Lembro de me espantar ao ler em algum veículo de (des)informação nacional uma notinha sobre o lançamento de “Look Up”, novo álbum de Ringo Starr. A “informação” do novo trabalho mostrava espanto pelo fato de Ringo fazer uma incursão pelo terreno da country music como se fosse algo absolutamente inédito e surpreendente. O ex-baterista dos Beatles sempre foi um fã declarado do estilo, interpretou uma cover do superstar country Buck Owens (“Act Naturally”) em “Help”, de 1965 e, já no seu segundo álbum solo, “Beacoups Of Blue”, lançado há quase cinquenta e cinco anos, homenageava o country de forma integral. A despeito da falta de conhecimento sobre o artista, e acima de qualquer estilo musical em especial, Ringo é Ringo e, a cada disco que ele lança, paira a sensação de que, segundo o senso comum altamente equivocado, estamos diante de um “artista inferior”. Se compararmos o trabalho de Starr com os outros ex-Beatles, veremos que, sim, ele não tem as mesmas habilidades, mas seria uma injustiça com ares de burrice pensar em Ringo como alguém que não deve ser levado em consideração. Em vários momentos de sua carreira, seja solo, seja com a All Starr Band, especialmente dos anos 2000 em diante, ele se tornou um prolífico artista, cheio de álbuns, shows e EPs. E este “Look Up” surge como sequência natural desta ótima fase.
Ringo encomendou ao produtor T-Bone Burnett uma fornada de canções para que lançassem um EP em colaboração. Fez o pedido e foi tocar a vida. Qual não foi sua surpresa quando Burnett lhe retornou o contato dizendo que havia composto “várias canções” e que estava realmente inspirado. Ringo, boa praça universal, então aproveitou a chance e disse que poderiam fazer, não um EP, mas um álbum. Burnett topou na hora e assim “Look Up” ganhou a forma final, com onze faixas. Como Ringo nunca foi um excelente cantor, seu jeito de interpretar diversas canções – country ou não – gera uma identificação poderosa com todo mundo que não tem esmerada técnica vocal. Além – e por – isso, as canções de Ringo vão para um patamar “mais humano” do que a maioria das obras por aí e ele não faz a menor questão que isso seja diferente. Sendo assim, quando ele aborda a country music, um estilo que abarca as pessoas mais comuns, o efeito é duplicado. Some-se a isso a carga Beatle inevitável e temos aí um forte elemento de fascínio sonoro para fãs e curiosos.

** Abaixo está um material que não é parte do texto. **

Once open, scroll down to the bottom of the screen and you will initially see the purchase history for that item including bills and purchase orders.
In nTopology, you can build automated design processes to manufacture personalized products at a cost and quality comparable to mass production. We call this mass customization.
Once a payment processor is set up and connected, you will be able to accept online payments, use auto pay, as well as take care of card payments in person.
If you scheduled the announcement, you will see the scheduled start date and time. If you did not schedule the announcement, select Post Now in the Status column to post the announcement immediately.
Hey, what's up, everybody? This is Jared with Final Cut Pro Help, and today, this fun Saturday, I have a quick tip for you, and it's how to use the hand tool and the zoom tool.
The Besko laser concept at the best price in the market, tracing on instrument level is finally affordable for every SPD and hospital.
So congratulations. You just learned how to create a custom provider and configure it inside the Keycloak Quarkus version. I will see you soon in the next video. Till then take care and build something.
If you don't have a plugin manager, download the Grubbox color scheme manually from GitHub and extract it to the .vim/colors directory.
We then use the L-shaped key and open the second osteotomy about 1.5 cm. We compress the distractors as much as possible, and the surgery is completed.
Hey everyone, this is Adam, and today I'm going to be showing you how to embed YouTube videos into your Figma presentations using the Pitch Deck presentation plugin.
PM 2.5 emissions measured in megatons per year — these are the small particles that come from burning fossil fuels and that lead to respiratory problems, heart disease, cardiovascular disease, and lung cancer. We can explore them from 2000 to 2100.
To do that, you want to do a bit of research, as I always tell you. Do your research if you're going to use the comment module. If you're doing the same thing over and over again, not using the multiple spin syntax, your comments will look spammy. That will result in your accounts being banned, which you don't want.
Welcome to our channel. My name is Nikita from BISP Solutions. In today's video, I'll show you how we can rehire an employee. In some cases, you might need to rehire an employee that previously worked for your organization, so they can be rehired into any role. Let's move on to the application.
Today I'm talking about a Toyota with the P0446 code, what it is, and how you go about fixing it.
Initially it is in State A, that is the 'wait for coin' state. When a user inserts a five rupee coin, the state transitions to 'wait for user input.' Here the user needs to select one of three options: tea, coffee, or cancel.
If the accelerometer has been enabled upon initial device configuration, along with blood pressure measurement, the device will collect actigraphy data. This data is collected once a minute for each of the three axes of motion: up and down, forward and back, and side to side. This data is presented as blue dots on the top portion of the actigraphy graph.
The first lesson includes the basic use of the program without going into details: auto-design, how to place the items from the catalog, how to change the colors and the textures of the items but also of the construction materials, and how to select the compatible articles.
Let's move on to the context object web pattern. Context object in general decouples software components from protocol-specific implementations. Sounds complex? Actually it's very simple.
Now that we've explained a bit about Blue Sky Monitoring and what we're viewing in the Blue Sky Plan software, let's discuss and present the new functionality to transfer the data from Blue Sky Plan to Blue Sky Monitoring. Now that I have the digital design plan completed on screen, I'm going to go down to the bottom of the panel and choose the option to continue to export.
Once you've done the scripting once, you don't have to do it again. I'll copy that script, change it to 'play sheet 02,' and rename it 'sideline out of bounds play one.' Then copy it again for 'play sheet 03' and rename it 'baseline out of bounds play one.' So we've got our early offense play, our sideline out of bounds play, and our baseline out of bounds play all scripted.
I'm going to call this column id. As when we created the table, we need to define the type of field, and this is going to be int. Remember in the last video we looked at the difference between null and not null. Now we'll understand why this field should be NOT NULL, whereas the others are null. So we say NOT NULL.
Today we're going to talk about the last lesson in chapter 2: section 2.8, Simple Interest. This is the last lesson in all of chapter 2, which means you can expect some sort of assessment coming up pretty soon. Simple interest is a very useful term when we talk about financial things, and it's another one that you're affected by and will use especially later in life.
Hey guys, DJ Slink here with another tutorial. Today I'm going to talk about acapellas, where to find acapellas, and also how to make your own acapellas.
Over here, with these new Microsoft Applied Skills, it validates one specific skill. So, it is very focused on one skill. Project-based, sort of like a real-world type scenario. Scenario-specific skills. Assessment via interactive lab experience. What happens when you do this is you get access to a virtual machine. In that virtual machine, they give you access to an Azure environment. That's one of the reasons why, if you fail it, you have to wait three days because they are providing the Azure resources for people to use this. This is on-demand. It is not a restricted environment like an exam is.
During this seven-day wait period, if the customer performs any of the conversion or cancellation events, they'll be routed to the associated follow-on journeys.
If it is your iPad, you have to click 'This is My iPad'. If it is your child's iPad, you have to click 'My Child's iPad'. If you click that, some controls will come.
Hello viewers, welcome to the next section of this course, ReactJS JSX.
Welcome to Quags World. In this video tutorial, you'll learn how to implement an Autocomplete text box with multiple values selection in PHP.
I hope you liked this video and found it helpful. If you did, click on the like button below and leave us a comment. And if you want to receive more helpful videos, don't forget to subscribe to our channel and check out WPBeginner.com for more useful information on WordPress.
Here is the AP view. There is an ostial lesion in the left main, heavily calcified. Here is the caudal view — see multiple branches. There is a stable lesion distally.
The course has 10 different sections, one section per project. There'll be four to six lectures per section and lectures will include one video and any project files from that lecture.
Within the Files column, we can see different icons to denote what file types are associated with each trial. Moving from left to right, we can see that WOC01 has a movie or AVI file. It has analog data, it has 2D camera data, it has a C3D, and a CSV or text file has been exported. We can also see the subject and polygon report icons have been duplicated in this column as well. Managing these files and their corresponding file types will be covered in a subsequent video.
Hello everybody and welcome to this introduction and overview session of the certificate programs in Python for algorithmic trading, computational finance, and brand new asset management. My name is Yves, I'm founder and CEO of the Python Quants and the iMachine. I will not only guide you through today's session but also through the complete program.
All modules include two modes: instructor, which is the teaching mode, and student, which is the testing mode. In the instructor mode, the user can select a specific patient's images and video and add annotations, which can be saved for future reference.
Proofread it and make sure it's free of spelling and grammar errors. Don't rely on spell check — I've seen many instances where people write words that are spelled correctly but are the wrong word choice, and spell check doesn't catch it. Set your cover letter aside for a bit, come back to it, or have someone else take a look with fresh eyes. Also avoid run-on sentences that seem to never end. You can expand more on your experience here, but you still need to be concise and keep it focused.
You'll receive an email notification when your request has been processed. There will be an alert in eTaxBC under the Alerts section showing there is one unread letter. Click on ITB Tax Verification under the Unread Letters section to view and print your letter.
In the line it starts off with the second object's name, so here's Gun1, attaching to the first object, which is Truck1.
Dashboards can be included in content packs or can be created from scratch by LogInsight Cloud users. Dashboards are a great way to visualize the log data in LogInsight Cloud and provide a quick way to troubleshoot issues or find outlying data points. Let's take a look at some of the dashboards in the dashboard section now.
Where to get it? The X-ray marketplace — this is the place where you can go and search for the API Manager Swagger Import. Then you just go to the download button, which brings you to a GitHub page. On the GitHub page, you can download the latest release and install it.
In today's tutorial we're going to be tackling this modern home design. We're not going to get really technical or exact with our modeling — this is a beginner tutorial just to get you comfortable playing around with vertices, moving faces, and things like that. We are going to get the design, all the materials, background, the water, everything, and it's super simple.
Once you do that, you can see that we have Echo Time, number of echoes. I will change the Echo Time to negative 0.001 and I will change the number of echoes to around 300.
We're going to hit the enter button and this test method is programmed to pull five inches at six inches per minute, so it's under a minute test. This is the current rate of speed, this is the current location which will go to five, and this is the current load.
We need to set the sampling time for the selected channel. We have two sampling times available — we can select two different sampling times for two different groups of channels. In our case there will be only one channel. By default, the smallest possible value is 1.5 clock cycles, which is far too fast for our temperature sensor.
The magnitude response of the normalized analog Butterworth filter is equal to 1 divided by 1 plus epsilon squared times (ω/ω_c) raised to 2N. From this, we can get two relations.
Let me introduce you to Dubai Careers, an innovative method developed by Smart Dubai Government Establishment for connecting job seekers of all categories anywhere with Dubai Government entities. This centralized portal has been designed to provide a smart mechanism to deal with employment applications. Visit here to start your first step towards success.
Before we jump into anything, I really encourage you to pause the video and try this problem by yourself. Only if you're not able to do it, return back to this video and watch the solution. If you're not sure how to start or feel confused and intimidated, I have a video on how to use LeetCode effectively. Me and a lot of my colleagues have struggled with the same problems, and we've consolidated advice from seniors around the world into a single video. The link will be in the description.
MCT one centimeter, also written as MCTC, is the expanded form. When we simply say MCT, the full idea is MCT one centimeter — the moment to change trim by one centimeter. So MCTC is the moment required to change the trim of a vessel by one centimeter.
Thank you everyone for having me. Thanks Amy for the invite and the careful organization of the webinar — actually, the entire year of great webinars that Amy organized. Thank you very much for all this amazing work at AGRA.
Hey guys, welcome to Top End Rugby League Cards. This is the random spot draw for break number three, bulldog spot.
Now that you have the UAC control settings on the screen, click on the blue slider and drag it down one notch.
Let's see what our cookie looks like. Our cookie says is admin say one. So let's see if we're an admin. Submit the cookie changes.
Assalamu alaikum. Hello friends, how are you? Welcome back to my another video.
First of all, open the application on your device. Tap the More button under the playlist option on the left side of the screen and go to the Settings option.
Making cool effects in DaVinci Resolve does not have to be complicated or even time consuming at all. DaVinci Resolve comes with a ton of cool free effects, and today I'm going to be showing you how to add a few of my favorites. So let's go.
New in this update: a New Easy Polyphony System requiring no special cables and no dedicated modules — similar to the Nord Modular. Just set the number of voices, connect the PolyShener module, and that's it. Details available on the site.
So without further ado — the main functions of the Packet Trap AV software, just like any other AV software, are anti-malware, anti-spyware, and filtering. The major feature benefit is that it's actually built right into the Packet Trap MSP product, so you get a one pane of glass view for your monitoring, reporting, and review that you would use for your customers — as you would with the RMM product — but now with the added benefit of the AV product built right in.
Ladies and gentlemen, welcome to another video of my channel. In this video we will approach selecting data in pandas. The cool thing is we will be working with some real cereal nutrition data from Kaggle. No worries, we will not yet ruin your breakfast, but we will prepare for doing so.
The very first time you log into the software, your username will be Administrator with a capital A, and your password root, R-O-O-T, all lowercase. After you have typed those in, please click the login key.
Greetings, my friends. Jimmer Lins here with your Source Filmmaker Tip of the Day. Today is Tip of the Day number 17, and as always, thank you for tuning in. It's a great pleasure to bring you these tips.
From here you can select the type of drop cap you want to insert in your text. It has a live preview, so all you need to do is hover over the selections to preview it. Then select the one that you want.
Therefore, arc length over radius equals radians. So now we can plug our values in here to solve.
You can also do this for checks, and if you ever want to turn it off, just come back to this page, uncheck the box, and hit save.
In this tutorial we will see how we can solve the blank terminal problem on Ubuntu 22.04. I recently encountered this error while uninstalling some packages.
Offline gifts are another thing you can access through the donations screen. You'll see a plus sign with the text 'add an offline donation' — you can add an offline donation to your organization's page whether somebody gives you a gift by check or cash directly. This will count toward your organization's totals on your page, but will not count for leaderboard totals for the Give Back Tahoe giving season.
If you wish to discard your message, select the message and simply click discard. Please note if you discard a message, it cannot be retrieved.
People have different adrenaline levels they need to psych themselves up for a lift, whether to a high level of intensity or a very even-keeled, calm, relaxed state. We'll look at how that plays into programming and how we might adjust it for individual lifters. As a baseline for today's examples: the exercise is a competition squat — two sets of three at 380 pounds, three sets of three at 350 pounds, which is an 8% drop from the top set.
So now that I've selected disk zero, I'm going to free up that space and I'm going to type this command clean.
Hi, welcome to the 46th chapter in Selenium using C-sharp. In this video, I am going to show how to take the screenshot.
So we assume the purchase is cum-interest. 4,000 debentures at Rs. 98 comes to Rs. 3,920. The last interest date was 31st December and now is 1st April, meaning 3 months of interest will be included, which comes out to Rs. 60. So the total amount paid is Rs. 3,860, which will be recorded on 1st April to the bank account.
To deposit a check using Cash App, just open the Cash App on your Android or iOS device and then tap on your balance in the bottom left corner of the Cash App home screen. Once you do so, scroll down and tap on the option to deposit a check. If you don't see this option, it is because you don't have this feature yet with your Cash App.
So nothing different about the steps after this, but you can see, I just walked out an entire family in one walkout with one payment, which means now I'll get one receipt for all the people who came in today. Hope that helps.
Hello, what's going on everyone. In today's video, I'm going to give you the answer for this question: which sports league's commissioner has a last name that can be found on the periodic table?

Ringo segue com os mesmos prós e contras. Sua voz é a mesma dos últimos anos – forte e adaptada – e Burnett, que é ótimo produtor, se sai muito bem na ambientação sonora e propõe arranjos que variam do country mais tradicionalzão a canções mais roqueiras e até psicodélicas, nas quais o álbum atinge seus melhores momentos. Billy Strings e Molly Tuttle, dois cantores de bluegrass, aparecem em várias faixas de “Look Up” e ajudam a colorir esses arranjos com backing vocals e guitarras. Molly inclusive divide os vocais principais com Ringo em “Can You Hear Me Call”. Além deles, duas duplas femininas, Larking Poe e Lucius, também aparecem em vários momentos e, para coroar esse time de convidados, a sensacional Alison Krauss surge na canção de encerramento, “Thankful”, que tem uma sonoridade que lembra o Mudcrutch, a banda inicial de Tom Petty. Krauss harmoniza muito bem com Ringo, num exercício de sutileza e belezura.
Além da lindeza de “Thankful”, há outras três ótimas canções por aqui. “Look Up”, a faixa-título, tem guitarras mais pronunciadas e o contraponto de Ringo com a voz de Molly Tuttle gera um ótimo efeito. Em “Rosetta”, com guitarras mais psicodélicas, andamento em câmera lenta e vocais suspensos no ar – cortesia de Billy Strings – o álbum atinge seu ponto mais alto. E ainda tem a tradicionalzona e cuca fresca “You Want Some”, que tem um andamento mais relaxado e traz um bom humor malandro que sempre caiu muito bem em Ringo desde priscas eras. São 37 minutos e cuca fresca, com cabelo ao vento, sem pensar em nada que traga preocupação. Já é bastante.
Ouça primeiro: “Rosetta”, “Thankful”, “You Want Some”, “Look Up”

Carlos Eduardo Lima (CEL) é doutorando em História Social, jornalista especializado em cultura pop e editor-chefe da Célula Pop. Como crítico musical há mais de 20 anos, já trabalhou para o site Monkeybuzz e as revistas Rolling Stone Brasil e Rock Press. Acha que o mundo acabou no início dos anos 90, mas agora sabe que poucos e bons notaram. Ainda acredita que cacetadas da vida são essenciais para a produção da arte.